At the end of the first decade of the XVII century. The position of the Russian state was very difficult. The siege of Smolensk continued for almost two years, which fell in June 1611. The Polish detachments that ended up in Moscow behaved like conquerors. Swedish mercenaries held Novgorod-rod. Detachments of Tushino people "walked" around the country; robber gangs appeared, which included both Russian "thieves" and Poles. They plundered lands, ravaged cities and monasteries.

The Boyar Duma did not enjoy authority and power, the boyars practically did not rule the country. In different parts of the state, different authorities were recognized: some - the Polish prince, others - the newly born baby Marina Mnishek as the legitimate son of Tsarevich Dmitry; the third - False Dmitry II.

The Russian kingdom was threatened with the loss of integrity and independence. The Troubles led to such a sad result. The question stood like this: either the people will “wake up” and defend their country themselves, or Russia will perish. We needed decisive and bold steps. The impasse political situation created by the egoism of the Seven Boyars and the stubbornness of King Sigismund could not remain forever.

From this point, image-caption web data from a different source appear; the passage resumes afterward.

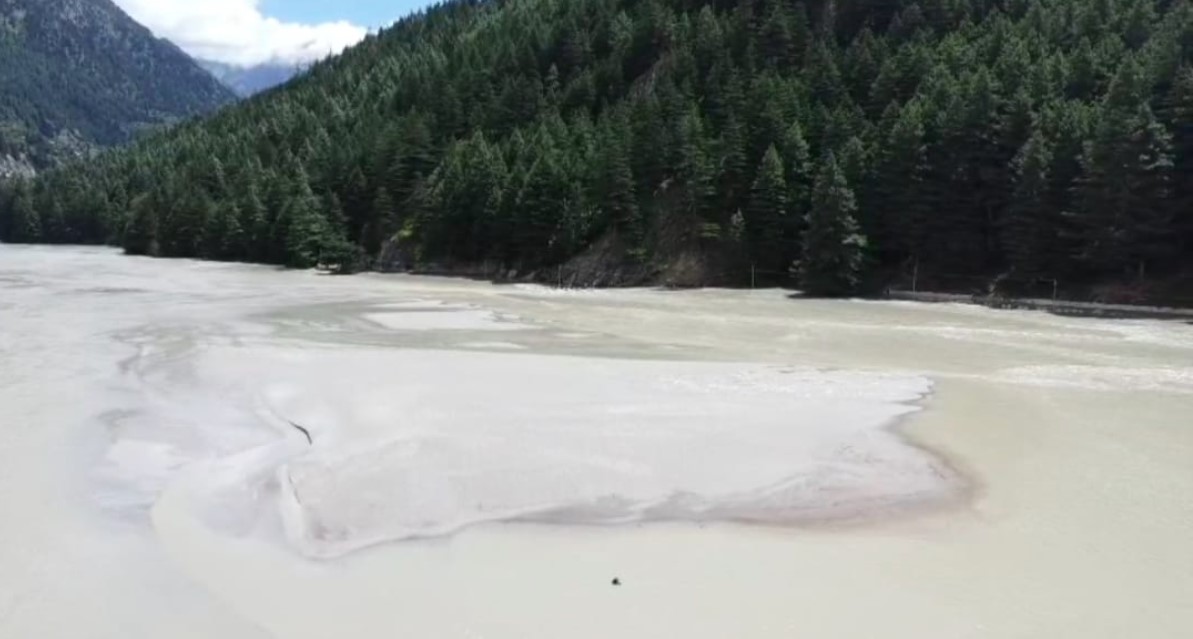 उत्तरकाशी में कुदरत का कहर, लगातार मलबा आने से यमुना नदी में झील का जलस्तर बढ़ा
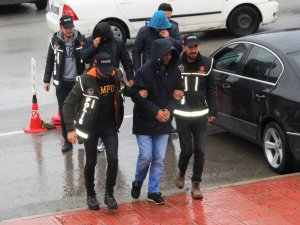 Yılbaşı gecesi satacaklardı, yakalandılar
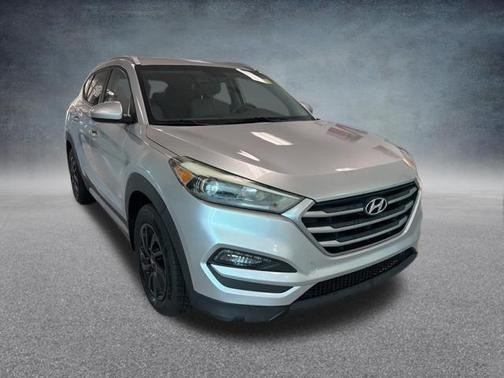 Molten Silver 2017 Hyundai TUCSON SE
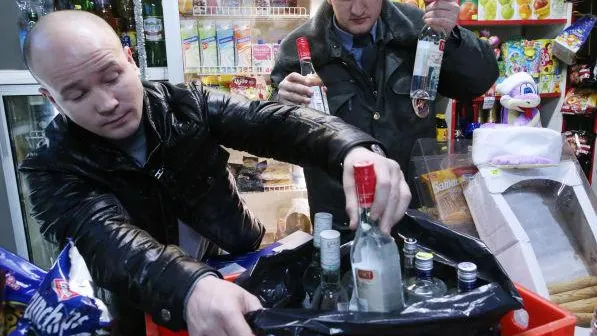Три тысячи бутылок алкоголя изъяли у нерадивого продавца в Волоколамске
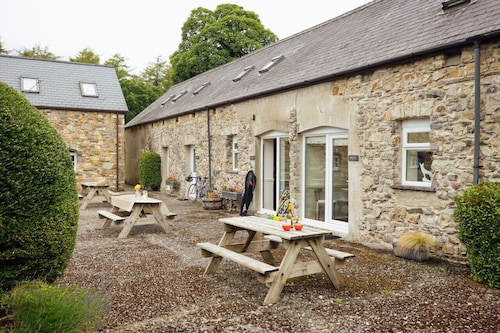 Converted Stone Cottage with indoor swimming pool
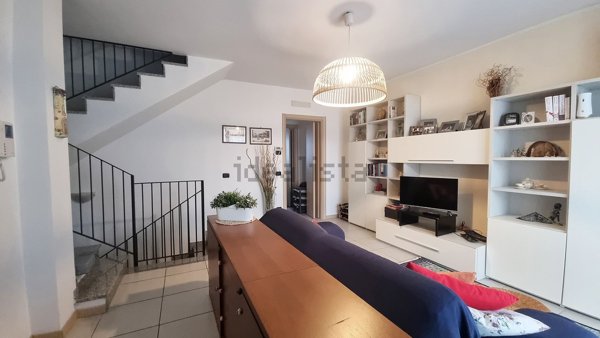 casa indipendente in vendita a Sulbiate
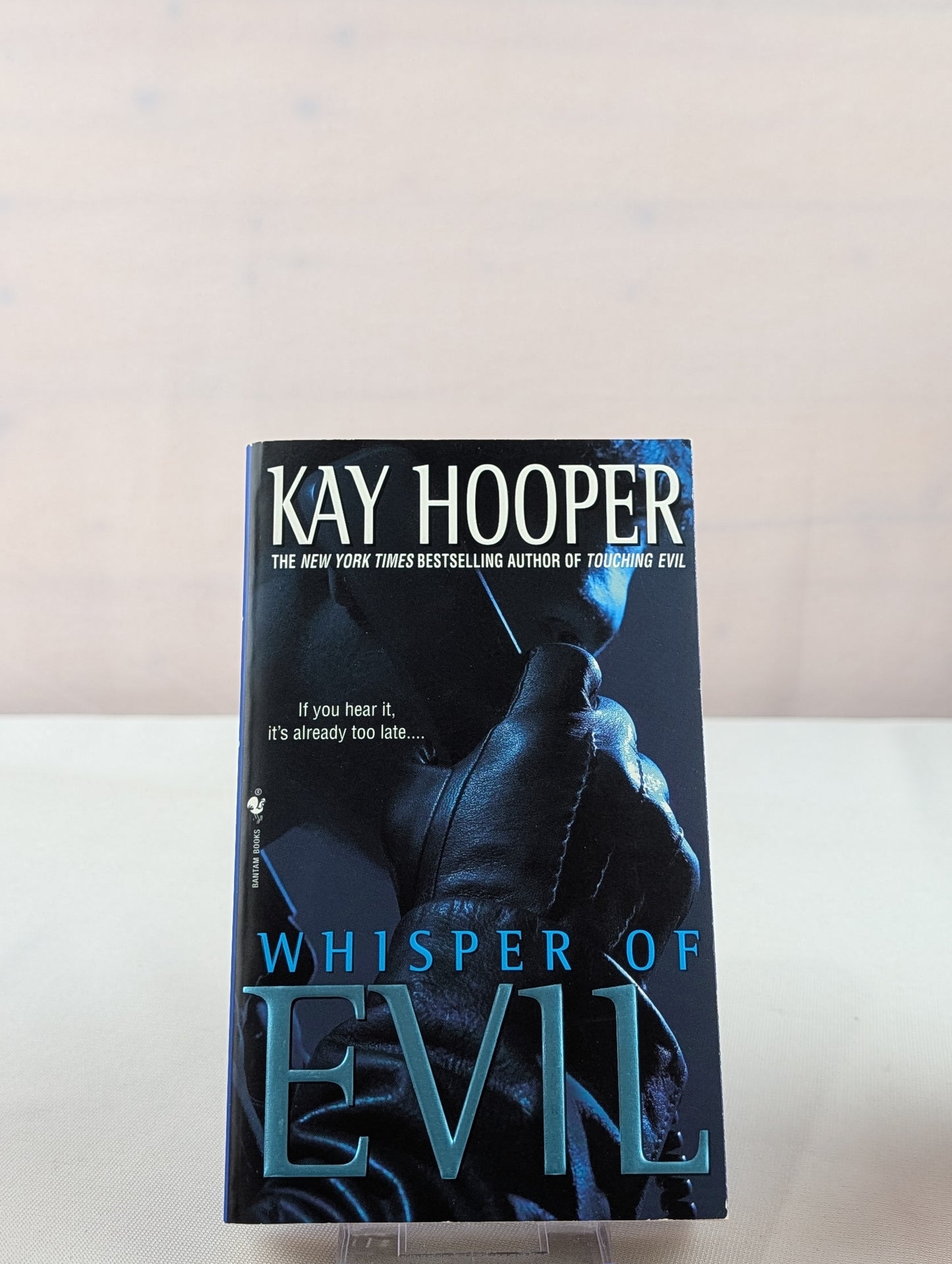 Whisper of Evil (Evil Trilogy) (Bishop/Special Crimes Unit) by Kay Hooper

Formation of the First Militia

The initiative to create a militia was shown by the elected authorities of the cities. They began to send letters to each other with a call to abandon the power of the "traitors" who had settled in the Kremlin.

Only by rising "with all the earth" could Moscow be liberated and legally, at the Zemsky Sobor, choose a new tsar.

Patriarch Hermogenes initiated the rise of the people, the Zemsky Sobor was convened from service people - the “Council of the whole earth”. The first militia was headed by the voivode Prokopy Lyapunov, as well as Prince Dmitry Trubetskoy, Cossack ataman Ivan Zarutsky. The participants in the campaign pursued not only selfish goals. In their actions, patriotic sentiments are clearly visible: the desire to clear Moscow of interventionists and elevate an Orthodox tsar to the throne.

Composition of the First Militia

After the death of False Dmitry II, the Cossack ataman I. S. Zarutsky became his political heir, who proclaimed the newly born son of False Dmitry II and Marina Mnishek Ivan as king. Together with Prince D.T. Trubetskoy, Zarutsky led his regiments to Moscow. Simultaneously with the former Tushinians, detachments of the Ryazan nobles under the command of P.P. Lyapunov moved to Moscow.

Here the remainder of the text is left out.